Sam Hunt is not a Bro-Country artist. He is something beyond that, and even less country. One of the reasons “Body Like a Backroad” is so successful is because it incorporates some Bro-Country elements—the misogyny, the cultural identifiers in list form. But it’s still a Sam Hunt song, which means it’s decidedly more EDM and pop than anything. The fact that the song is so massive and being portrayed as country works to break down the traditional definitions and borders of what country music is even further, and this time, possibly, irreversibly so. It is so non country, it better qualifies to fit in virtually every other major genre of popular American music before it fits into country.
Ultimately, though Music Row had one wary eye on the doings of Sturgill, Stapleton, and Isbell, and were worried enough to hedge their bets with acts they felt fit in the same ilk, they really don’t give a shit about the sales numbers and accolades of these non radio artists. They’re perfectly fine acting like they don’t exist whatsoever. Chris Staplton’s success was an anomaly because his name found its way onto some awards show ballots and people voted their conscience for once.
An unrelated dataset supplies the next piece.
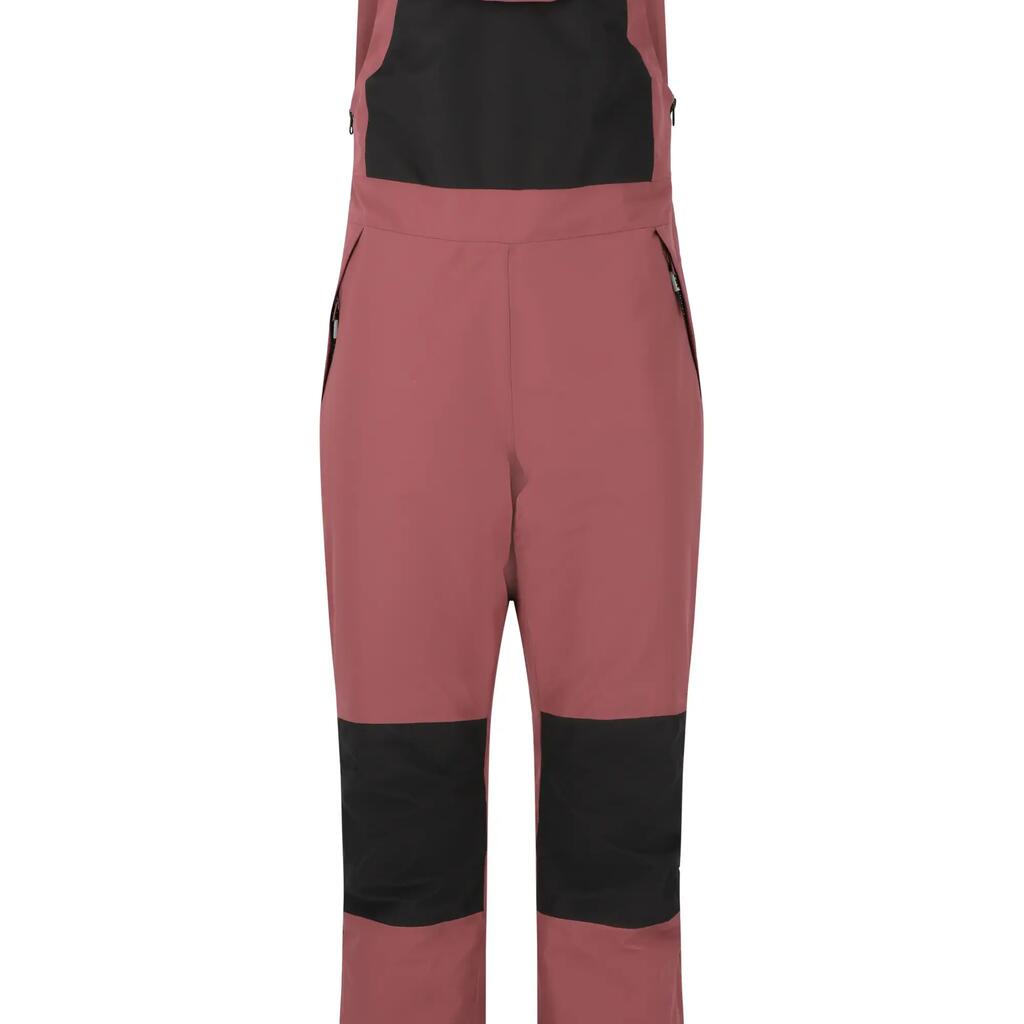 Women's ski overalls Slope Kenwood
But they didn’t put him on the radio, and they’ll never acknowledge the accomplishments of Sturgill Simpson and Jason Isbell as an industry because it’s not of their construction.
“Body Like a Backroad,” just as “Cruise” before it, is poised to break through the crush of media the average American must swim through in their daily lives, be the song that defines an entire summer, and be the very first thing people think of when you mention “country” for the foreseeable future.
The ramifications will be felt for years and years to come, and the mess to be cleaned up will take much work. There is no silver lining here.